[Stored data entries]

..............................

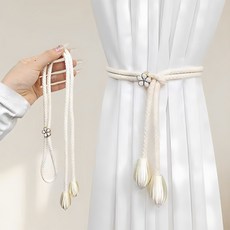 한현 커튼 클립 타이백 깔끔한 커튼 정리 진주 커튼 타이 2p, 2개, 베이지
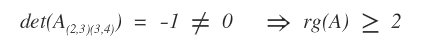 nonzero minor confirming rank greater than or equal to two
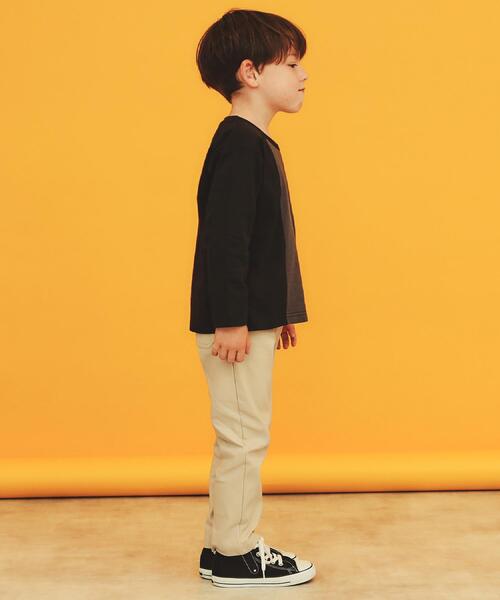 THE SHOP TK （ザ ショップ ティーケー ）の「【110-160/洗濯機OK】切り替え長袖Tシャツ（Tシャツ/カットソー・キッズ・ホワイト系7/グレー系4/ブラック系4/ブルー系4・16/15 /14/13/12/11）」の8枚目の写真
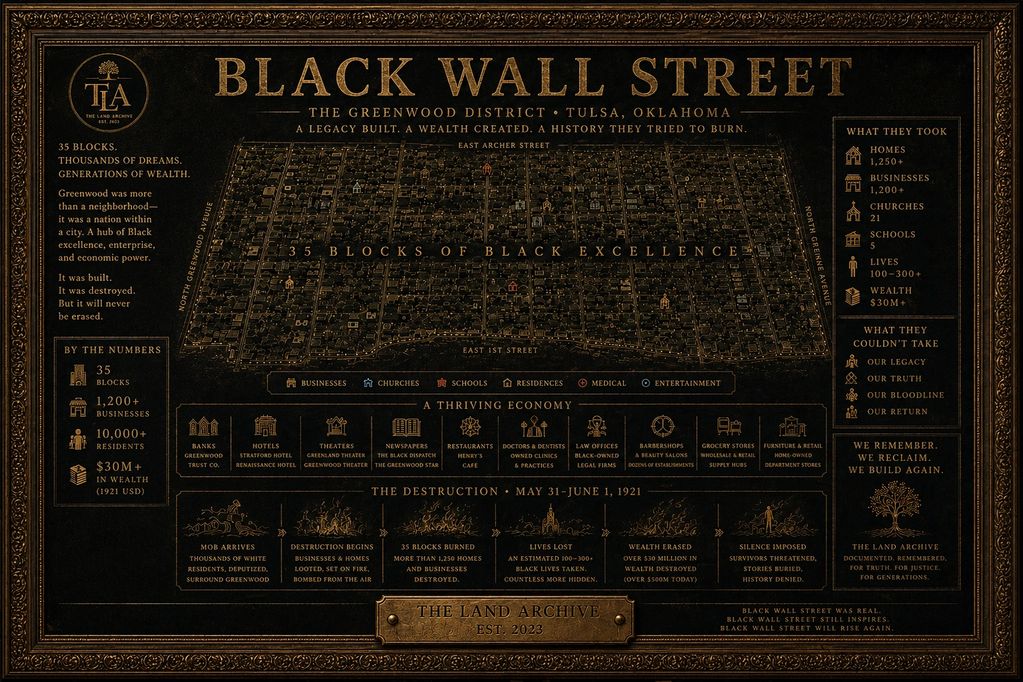 Map of Black Wall Street in Tulsa, highlighting its history, destruction, and legacy.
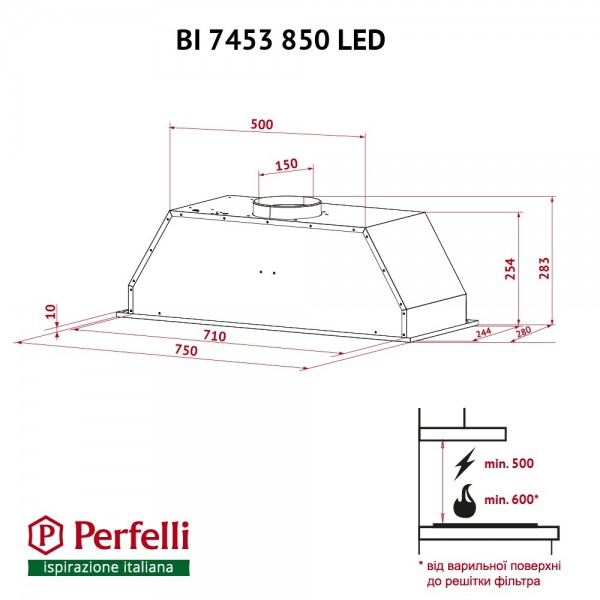 Витяжка Perfelli BI 7453 I 850 LED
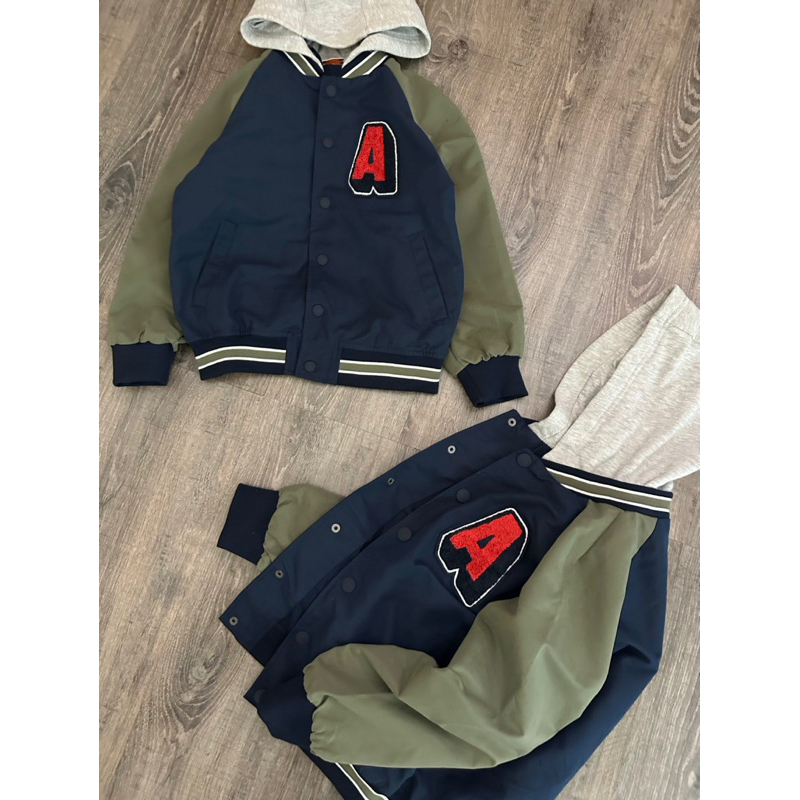Áo khoác bomber gió A phối tay rêu TAO cho bé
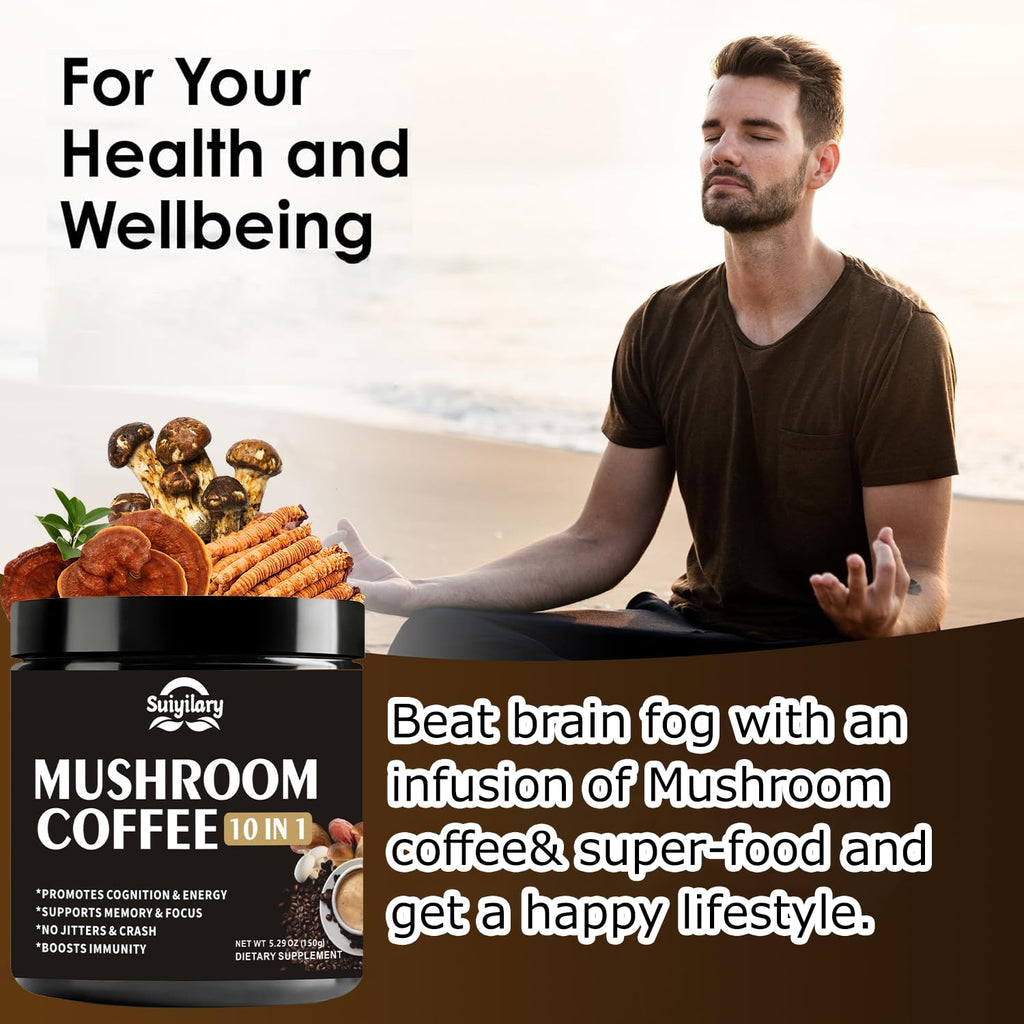 Suiyilary Mushroom Coffee, 10 Mushroom Extract Powder Blend Lion's Mane, Reishi, Chaga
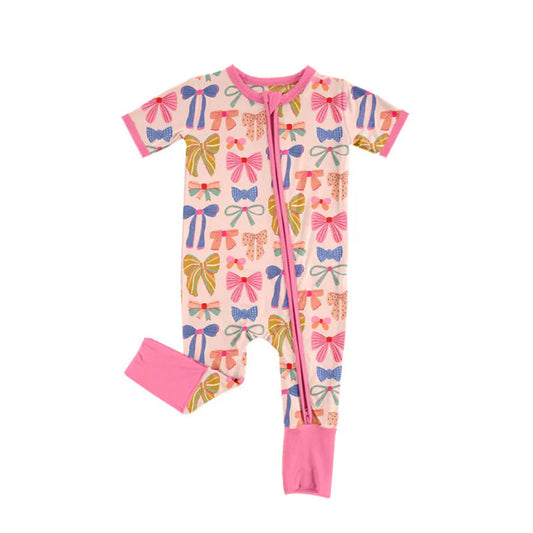 Preorder (moq 5)Baby Girls Short Sleeve Colorful Bows Zipper Footie Rompers 10.15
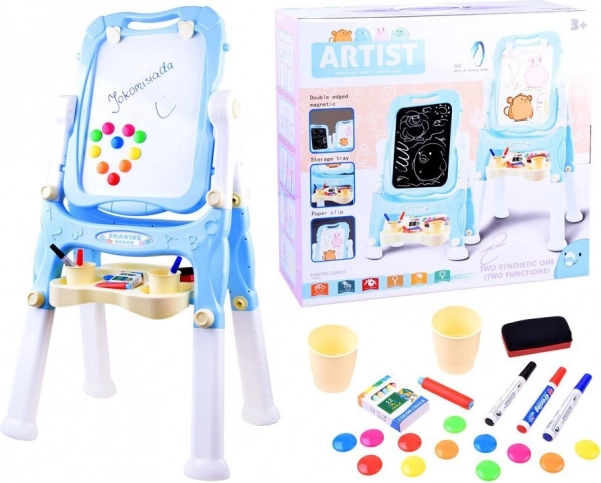 Детска двустранна магнитна и тебеширена рисувателна табла на стойка – Modrá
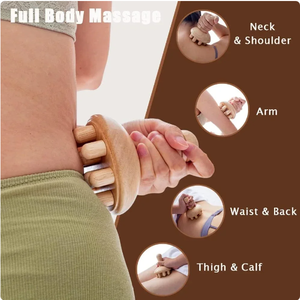 Rodillo de masaje de madera ZS 5 en 1, masaje de drenaje linfático, herramienta para aliviar el dolor de todo el cuerpo, masaje Facial anticelulítico - Product Image 6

..............................

* Directions for this task
From the line with "THE SHOP TK" through the final line of the records above, return each line exactly and nothing else. Pictures are to be skipped.

* Completed exercise
 THE SHOP TK （ザ ショップ ティーケー ）の「【110-160/洗濯機OK】切り替え長袖Tシャツ（Tシャツ/カットソー・キッズ・ホワイト系7/グレー系4/ブラック系4/ブルー系4・16/15 /14/13/12/11）」の8枚目の写真
 Map of Black Wall Street in Tulsa, highlighting its history, destruction, and legacy.
 Витяжка Perfelli BI 7453 I 850 LED
Áo khoác bomber gió A phối tay rêu TAO cho bé
 Suiyilary Mushroom Coffee, 10 Mushroom Extract Powder Blend Lion's Mane, Reishi, Chaga
 Preorder (moq 5)Baby Girls Short Sleeve Colorful Bows Zipper Footie Rompers 10.15
 Детска двустранна магнитна и тебеширена рисувателна табла на стойка – Modrá
 Rodillo de masaje de madera ZS 5 en 1, masaje de drenaje linfático, herramienta para aliviar el dolor de todo el cuerpo, masaje Facial anticelulítico - Product Image 6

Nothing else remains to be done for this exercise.